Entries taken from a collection
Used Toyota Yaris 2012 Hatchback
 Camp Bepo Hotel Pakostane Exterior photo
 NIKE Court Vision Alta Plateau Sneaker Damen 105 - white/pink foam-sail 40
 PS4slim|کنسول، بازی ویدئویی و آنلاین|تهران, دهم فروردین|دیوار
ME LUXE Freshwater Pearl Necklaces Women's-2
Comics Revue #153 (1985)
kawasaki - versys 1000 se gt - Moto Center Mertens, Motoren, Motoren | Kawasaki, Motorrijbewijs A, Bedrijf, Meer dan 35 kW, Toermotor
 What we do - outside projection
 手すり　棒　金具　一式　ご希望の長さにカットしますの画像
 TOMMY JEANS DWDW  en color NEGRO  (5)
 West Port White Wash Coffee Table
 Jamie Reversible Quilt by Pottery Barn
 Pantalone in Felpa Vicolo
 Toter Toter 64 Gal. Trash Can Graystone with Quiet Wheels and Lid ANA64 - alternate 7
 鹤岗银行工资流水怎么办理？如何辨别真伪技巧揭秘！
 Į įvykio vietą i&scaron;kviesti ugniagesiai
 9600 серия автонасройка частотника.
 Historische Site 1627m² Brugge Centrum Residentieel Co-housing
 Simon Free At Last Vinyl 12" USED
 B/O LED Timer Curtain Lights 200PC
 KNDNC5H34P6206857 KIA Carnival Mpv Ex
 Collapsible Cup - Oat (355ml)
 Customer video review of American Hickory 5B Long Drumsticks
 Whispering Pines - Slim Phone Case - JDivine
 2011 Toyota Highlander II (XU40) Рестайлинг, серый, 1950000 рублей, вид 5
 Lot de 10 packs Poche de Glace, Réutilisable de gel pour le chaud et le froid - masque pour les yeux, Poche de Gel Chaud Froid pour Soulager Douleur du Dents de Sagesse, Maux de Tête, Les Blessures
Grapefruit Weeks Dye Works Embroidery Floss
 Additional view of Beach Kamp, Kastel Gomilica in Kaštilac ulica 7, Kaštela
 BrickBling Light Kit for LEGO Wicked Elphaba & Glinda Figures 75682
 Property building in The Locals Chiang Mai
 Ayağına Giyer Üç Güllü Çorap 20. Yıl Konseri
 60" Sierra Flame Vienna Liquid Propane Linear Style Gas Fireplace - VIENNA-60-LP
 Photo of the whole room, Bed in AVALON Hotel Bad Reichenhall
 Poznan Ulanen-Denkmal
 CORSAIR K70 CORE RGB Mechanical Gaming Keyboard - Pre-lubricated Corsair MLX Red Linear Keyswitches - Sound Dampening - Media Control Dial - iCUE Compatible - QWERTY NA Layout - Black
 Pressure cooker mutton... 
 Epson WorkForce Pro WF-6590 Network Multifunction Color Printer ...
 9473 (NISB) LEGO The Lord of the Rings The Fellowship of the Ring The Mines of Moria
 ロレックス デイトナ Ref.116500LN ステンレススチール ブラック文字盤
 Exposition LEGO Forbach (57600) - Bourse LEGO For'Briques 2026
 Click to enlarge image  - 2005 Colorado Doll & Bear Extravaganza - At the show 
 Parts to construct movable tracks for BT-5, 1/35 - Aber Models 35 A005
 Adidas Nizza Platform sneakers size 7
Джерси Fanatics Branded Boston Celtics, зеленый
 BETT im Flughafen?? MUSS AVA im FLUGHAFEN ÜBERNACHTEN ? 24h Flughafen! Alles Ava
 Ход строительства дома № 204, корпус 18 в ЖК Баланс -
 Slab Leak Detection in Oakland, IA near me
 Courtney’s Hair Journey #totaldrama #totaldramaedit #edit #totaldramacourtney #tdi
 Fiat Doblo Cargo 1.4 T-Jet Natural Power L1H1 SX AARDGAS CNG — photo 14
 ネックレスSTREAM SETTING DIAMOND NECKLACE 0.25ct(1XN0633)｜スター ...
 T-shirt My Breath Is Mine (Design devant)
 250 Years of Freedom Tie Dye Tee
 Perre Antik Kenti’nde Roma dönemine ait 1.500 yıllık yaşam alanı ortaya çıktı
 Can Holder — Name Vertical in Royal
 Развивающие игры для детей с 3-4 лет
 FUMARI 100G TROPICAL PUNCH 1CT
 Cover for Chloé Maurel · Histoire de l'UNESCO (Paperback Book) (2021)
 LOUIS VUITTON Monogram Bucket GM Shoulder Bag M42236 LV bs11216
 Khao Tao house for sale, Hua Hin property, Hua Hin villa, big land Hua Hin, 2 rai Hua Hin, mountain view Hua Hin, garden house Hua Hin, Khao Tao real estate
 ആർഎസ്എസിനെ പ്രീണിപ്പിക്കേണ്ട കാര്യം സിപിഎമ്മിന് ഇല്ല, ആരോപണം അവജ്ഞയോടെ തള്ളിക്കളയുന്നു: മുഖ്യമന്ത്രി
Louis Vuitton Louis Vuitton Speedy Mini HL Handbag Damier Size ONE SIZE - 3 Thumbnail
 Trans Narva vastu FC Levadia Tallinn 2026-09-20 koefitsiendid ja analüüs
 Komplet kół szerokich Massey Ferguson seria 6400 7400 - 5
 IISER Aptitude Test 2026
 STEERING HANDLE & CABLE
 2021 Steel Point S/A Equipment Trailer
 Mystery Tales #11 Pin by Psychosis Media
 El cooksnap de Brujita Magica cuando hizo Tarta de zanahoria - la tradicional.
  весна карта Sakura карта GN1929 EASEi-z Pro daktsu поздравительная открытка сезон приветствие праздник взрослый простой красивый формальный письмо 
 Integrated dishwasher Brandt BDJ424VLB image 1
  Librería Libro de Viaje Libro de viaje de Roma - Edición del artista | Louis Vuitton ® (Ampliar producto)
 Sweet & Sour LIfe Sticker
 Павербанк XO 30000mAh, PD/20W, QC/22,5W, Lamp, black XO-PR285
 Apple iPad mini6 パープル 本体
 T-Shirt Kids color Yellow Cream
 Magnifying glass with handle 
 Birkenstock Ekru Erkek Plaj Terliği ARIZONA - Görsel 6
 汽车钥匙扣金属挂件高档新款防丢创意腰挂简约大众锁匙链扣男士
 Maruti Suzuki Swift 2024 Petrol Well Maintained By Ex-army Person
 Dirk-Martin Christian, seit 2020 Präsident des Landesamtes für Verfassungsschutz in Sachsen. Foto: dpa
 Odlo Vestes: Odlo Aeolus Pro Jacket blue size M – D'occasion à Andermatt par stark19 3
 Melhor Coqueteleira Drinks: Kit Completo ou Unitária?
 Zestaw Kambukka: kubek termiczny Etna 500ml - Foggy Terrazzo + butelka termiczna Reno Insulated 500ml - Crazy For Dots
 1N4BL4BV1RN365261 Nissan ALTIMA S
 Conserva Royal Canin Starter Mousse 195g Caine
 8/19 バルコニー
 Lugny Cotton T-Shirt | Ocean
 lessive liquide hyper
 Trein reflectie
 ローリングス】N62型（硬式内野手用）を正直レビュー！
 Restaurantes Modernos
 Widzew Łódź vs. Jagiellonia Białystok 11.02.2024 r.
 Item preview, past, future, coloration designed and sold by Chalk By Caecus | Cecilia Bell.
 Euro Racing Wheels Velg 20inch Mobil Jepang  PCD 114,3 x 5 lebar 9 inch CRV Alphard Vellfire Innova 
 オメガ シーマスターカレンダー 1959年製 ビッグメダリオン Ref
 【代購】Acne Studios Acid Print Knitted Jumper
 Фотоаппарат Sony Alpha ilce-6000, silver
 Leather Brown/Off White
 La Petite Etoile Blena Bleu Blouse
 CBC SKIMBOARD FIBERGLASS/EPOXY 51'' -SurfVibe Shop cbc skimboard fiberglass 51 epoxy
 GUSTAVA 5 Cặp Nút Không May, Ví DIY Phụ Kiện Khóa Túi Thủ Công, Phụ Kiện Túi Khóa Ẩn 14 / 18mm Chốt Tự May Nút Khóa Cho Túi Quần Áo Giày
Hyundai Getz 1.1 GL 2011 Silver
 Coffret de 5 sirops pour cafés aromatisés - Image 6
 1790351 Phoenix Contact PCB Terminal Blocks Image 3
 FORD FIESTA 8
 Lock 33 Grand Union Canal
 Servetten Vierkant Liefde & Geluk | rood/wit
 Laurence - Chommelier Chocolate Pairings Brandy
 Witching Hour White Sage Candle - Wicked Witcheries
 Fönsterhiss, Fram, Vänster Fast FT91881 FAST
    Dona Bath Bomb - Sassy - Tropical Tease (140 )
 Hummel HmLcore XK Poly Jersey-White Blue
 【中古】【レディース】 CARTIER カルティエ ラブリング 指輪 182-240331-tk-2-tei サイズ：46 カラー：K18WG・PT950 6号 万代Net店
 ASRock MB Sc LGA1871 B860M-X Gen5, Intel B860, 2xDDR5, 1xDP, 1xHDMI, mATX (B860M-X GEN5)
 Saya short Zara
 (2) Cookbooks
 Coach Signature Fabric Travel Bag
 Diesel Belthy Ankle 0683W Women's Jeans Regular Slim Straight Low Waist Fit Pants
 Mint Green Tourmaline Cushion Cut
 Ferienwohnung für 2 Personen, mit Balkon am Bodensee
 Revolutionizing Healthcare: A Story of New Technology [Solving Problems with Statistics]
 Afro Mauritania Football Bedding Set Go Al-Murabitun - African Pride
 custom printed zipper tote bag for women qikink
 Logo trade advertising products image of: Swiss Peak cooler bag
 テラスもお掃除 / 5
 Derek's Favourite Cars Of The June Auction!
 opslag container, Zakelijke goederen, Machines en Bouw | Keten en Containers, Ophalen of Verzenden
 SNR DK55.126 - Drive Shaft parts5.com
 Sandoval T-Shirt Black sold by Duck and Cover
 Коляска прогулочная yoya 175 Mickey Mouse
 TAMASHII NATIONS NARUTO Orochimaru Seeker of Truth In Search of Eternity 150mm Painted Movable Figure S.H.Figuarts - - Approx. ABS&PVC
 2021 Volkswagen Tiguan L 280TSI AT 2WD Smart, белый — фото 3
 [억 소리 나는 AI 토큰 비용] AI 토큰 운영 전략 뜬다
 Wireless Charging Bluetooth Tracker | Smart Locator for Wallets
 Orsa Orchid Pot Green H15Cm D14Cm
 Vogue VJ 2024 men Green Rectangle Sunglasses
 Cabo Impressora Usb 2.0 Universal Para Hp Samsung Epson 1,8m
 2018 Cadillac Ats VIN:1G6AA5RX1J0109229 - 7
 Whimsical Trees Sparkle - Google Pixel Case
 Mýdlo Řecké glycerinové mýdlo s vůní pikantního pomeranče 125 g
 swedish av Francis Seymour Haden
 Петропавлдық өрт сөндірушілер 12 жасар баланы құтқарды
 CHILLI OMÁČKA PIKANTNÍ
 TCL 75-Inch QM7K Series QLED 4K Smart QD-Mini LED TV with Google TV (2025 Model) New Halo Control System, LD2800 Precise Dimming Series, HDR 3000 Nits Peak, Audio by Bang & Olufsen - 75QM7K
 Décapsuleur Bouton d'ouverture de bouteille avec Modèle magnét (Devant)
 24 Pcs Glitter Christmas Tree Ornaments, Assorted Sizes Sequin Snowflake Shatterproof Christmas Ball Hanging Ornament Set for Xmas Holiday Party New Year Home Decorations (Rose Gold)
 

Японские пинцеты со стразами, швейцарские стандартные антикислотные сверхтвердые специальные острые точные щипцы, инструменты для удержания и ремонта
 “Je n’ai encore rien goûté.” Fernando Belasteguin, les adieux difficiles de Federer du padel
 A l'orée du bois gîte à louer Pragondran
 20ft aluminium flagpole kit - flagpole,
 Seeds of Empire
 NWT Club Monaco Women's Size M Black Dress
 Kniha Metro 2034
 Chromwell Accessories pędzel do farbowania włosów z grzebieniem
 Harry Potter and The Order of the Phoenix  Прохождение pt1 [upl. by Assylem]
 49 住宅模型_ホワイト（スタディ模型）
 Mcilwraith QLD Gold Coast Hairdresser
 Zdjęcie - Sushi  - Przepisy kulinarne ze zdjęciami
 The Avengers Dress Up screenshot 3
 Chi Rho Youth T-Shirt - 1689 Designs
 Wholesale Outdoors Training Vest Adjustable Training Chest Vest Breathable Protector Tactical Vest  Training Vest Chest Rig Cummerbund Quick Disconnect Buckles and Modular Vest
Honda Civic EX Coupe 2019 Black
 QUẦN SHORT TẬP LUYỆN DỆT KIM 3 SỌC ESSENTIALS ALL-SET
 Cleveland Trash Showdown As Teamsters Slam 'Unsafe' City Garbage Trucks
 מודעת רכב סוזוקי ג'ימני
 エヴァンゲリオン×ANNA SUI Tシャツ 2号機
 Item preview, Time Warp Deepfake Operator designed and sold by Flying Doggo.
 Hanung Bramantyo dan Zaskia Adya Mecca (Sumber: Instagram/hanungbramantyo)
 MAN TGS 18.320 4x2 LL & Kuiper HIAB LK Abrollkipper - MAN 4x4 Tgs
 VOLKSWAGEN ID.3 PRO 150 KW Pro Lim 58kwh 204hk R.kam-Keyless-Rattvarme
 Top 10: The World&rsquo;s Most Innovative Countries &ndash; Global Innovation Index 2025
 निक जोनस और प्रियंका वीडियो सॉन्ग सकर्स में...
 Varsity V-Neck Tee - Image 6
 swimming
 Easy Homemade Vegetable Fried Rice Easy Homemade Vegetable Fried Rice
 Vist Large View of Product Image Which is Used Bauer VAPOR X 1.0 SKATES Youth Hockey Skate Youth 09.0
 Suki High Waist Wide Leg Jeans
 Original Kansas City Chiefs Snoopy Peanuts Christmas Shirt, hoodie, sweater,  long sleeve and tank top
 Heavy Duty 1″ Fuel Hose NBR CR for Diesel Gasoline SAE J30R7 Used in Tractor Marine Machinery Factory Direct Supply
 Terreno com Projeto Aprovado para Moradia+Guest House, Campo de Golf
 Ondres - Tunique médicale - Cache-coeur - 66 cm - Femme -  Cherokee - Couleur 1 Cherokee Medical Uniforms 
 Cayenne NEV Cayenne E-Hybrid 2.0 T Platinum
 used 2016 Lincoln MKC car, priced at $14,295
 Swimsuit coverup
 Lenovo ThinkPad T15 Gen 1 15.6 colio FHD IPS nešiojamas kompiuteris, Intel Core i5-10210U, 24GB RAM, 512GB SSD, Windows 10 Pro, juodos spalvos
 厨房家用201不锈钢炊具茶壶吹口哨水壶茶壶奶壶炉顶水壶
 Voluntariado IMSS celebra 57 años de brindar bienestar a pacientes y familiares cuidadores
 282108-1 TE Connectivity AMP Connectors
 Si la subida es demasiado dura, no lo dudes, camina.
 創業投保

What needs to be done
Quote only the stretch of lines that starts the data above and ends with the line containing "B/O LED Timer Curtain Lights 200PC", both included.

Output of the exercise
Used Toyota Yaris 2012 Hatchback
 Camp Bepo Hotel Pakostane Exterior photo
 NIKE Court Vision Alta Plateau Sneaker Damen 105 - white/pink foam-sail 40
 PS4slim|کنسول، بازی ویدئویی و آنلاین|تهران, دهم فروردین|دیوار
ME LUXE Freshwater Pearl Necklaces Women's-2
Comics Revue #153 (1985)
kawasaki - versys 1000 se gt - Moto Center Mertens, Motoren, Motoren | Kawasaki, Motorrijbewijs A, Bedrijf, Meer dan 35 kW, Toermotor
 What we do - outside projection
 手すり　棒　金具　一式　ご希望の長さにカットしますの画像
 TOMMY JEANS DWDW  en color NEGRO  (5)
 West Port White Wash Coffee Table
 Jamie Reversible Quilt by Pottery Barn
 Pantalone in Felpa Vicolo
 Toter Toter 64 Gal. Trash Can Graystone with Quiet Wheels and Lid ANA64 - alternate 7
 鹤岗银行工资流水怎么办理？如何辨别真伪技巧揭秘！
 Į įvykio vietą i&scaron;kviesti ugniagesiai
 9600 серия автонасройка частотника.
 Historische Site 1627m² Brugge Centrum Residentieel Co-housing
 Simon Free At Last Vinyl 12" USED
 B/O LED Timer Curtain Lights 200PC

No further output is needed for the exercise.